Use it for design QA, rebuilds, and competitor audits

A clean typography audit needs more than a screenshot. When you rebuild a landing page, compare a competitor layout, or check a marketing site before launch, the size scale matters: h1, h2, body text, captions, navigation, buttons, and card labels should feel intentional. Paste a sample from each section and the tool gives you a compact table you can share in a design QA note or implementation checklist.

Website font size checker used for landing page QA

Understand unit conversions before changing CSS

CSS font sizes are often written in rem, em, percent, pt, and px. Those units are not interchangeable unless you know the base size and context.
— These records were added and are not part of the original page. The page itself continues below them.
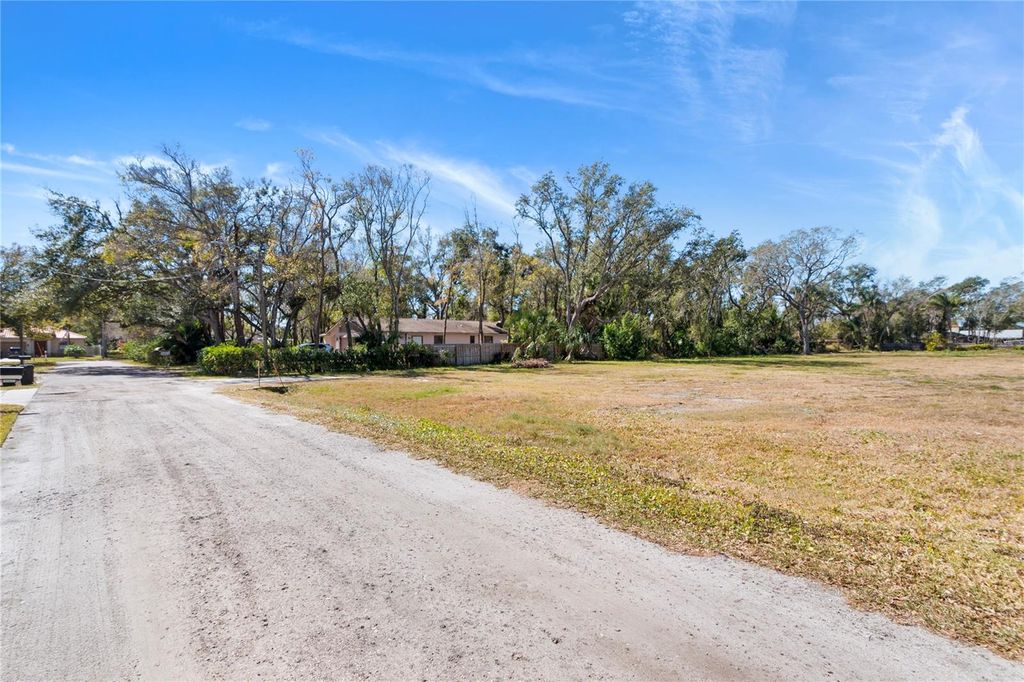 Image 4 of property listing at 11050 59TH STREET N, Pinellas Park, FL 33782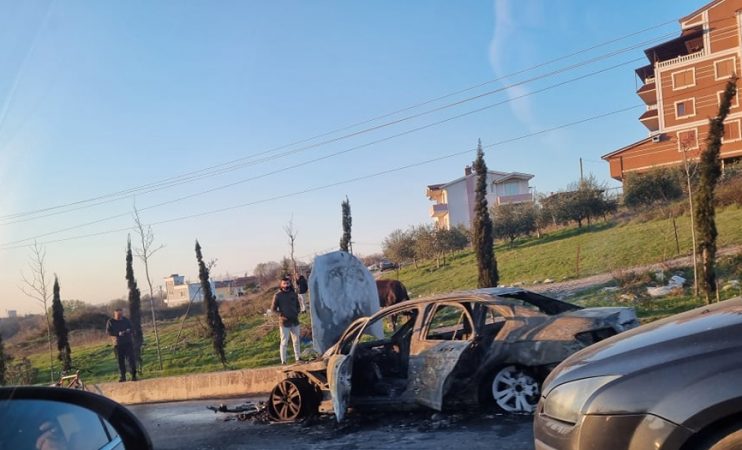 E RËNDË NË TIRANË/ Shkrumbohet totalisht makina, pak metra më larg përplasen dy mjete (VIDEO)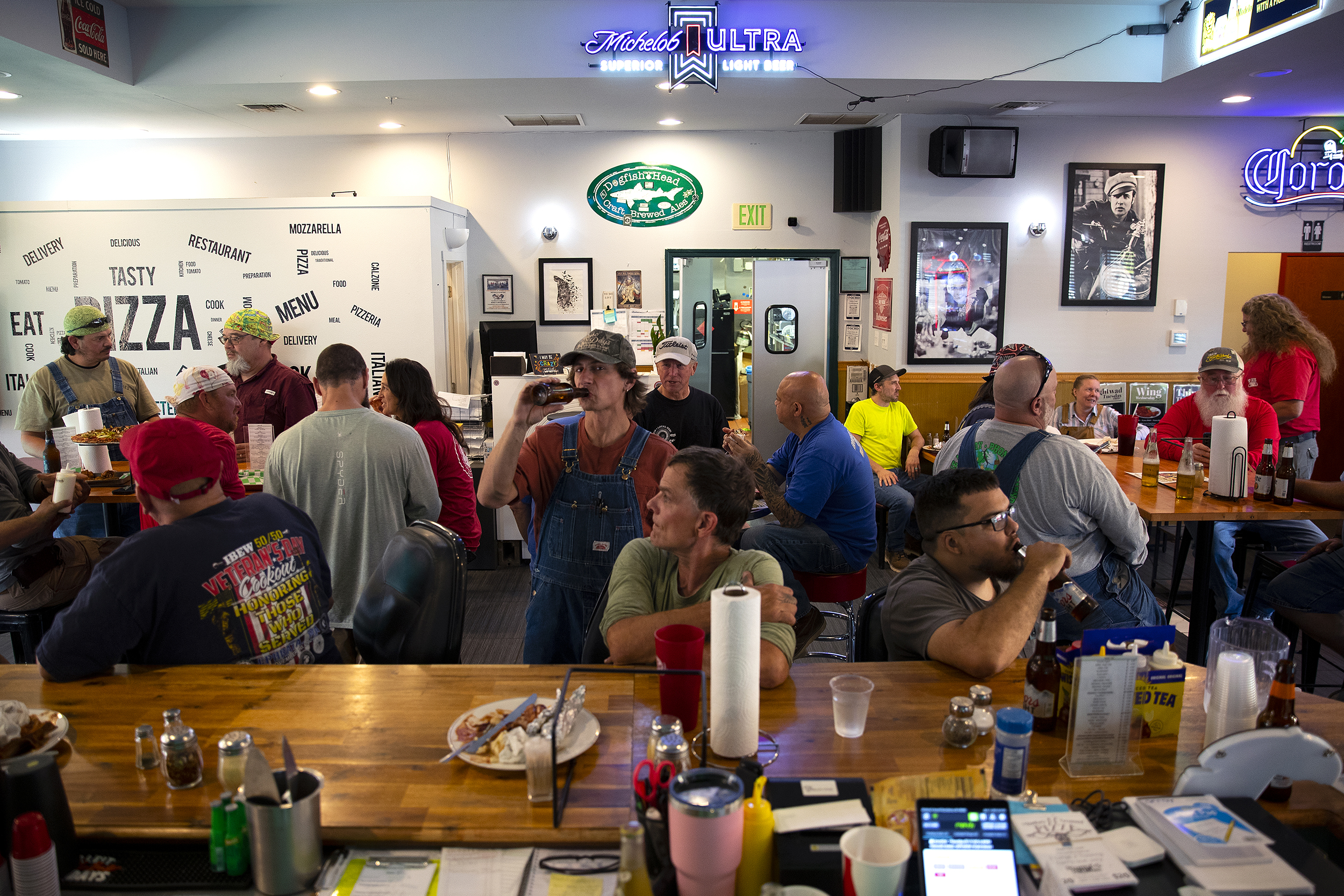 caption: Electricians gather for IBEW Brotherhood Night on Thursday, July 17, 2025, at Monkey N’Around Pizza in Quincy, Washington. 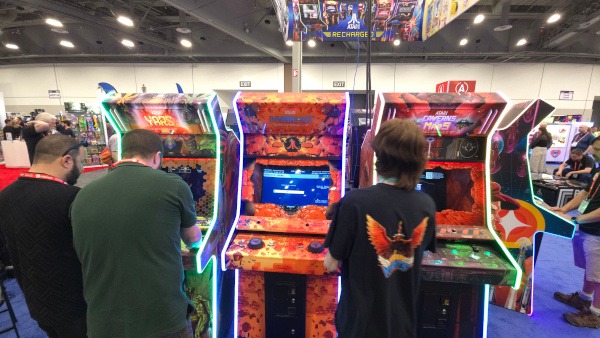 Arcade Heroes Alan-1 apresenta novos gabinetes “MirrorFX” com os mais recentes títulos Atari Recharged Arcade Heroes Alan-1 apresenta novos gabinetes “MirrorFX” com os mais recentes títulos Atari Recharged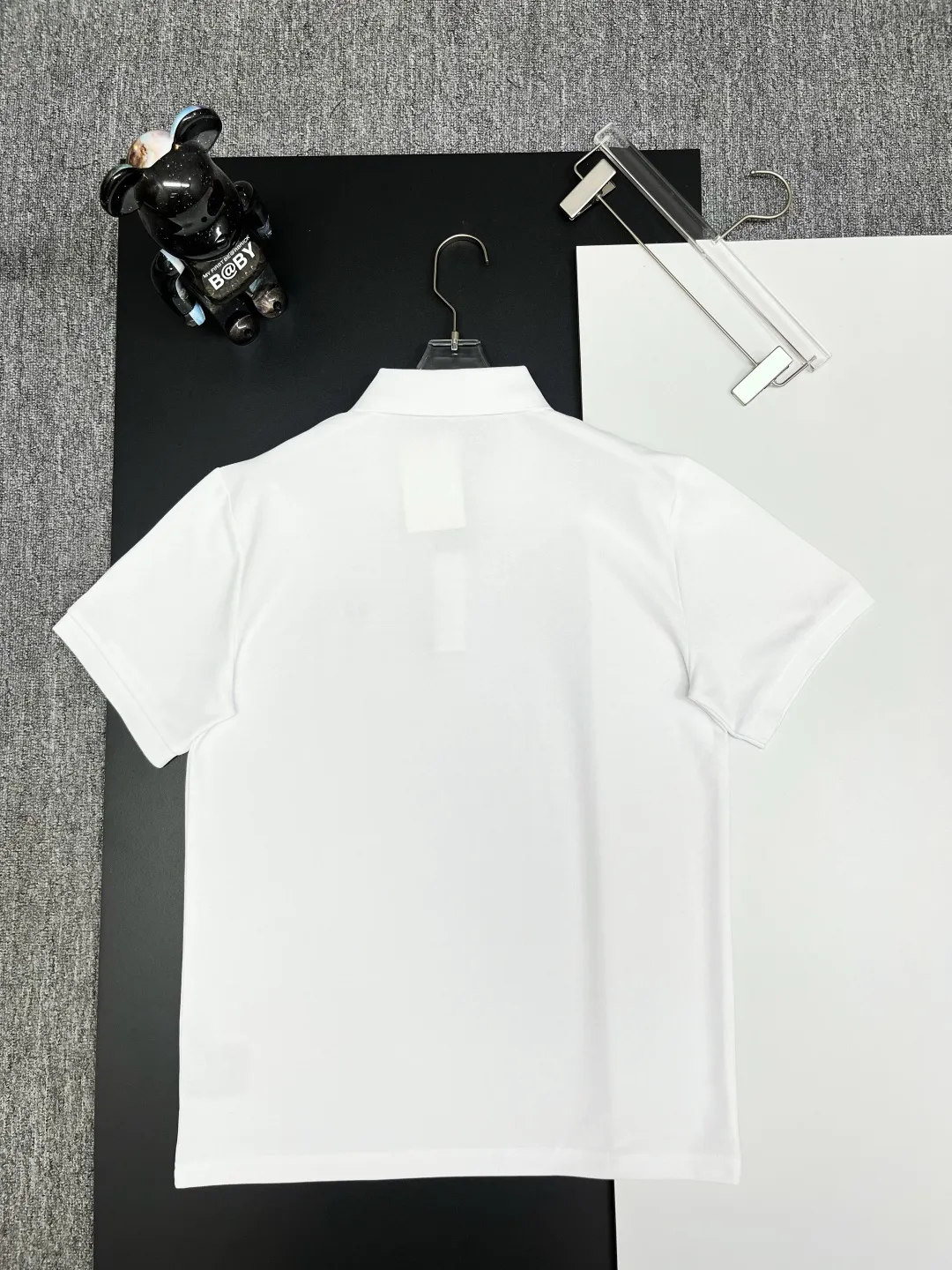 🅿️210 DIOR Dior embroidered new Polo shirt Original fabric Original customized accessories Official same style Made of 210g pure cotton pique fabric, customized same vat dyed fabric Very comfortable and smooth to the touch Very wide and stylish Produced by a first-line brand OEM factory Imported Behringer embroidery machine The embroidery is full and textured The collar ribs are woven with imported yarns, and they will not deform after long-term wear. The latest spring and summer style, fashionable and personalized Super versatile and good-looking. It is very suitable for both men and women. It is a must-have item for everyone. Color: Black White Size: S-XXL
A 1.25rem subtitle might equal 20px on a normal root, while 125% depends on the inherited size. By setting the base pixel value and reviewing computed output, you can make safer decisions before changing a stylesheet or creating a responsive type scale.

CSS font size detector converting rem em percent and px units

Font Size Detector FAQ

How do I check the font size on a website?

Inspect the text with your browser, copy the CSS rule or computed style, and paste it into this font size detector. The tool reads font-size declarations, converts common units into pixels, and keeps line-height, weight, and color beside each result.

Can this tool fetch any URL and scan it automatically?

No. A static web tool cannot safely bypass cross-origin restrictions, private pages, login walls, or site security. The reliable workflow is to inspect a page you can access, copy the CSS or computed-style JSON, and analyze it here.

What is the difference between declared size and computed px?

Declared size is the original CSS value, such as 1.25rem or 14px. Computed px is the approximate pixel value after conversion. The conversion uses the base font size you choose, so set it to match your website when possible.

Does the detector work with rem and em?

Yes. It converts rem and em values using the base pixel size field. This is most accurate for rem. For em values, the true browser value can depend on the parent element, so treat the result as a practical audit estimate unless you paste computed browser JSON.

Why include line-height, weight, and color?

Readability depends on more than size. A 16px paragraph can feel cramped with low line-height, too faint with low contrast, or too heavy with a bold weight. Showing these values together helps you diagnose typography problems faster.

Should I use this or an image font detector?

Use this page when you need CSS font size and related style values from live website text. Use the image font detector when you only have a screenshot, logo, or flattened image and need the probable font name.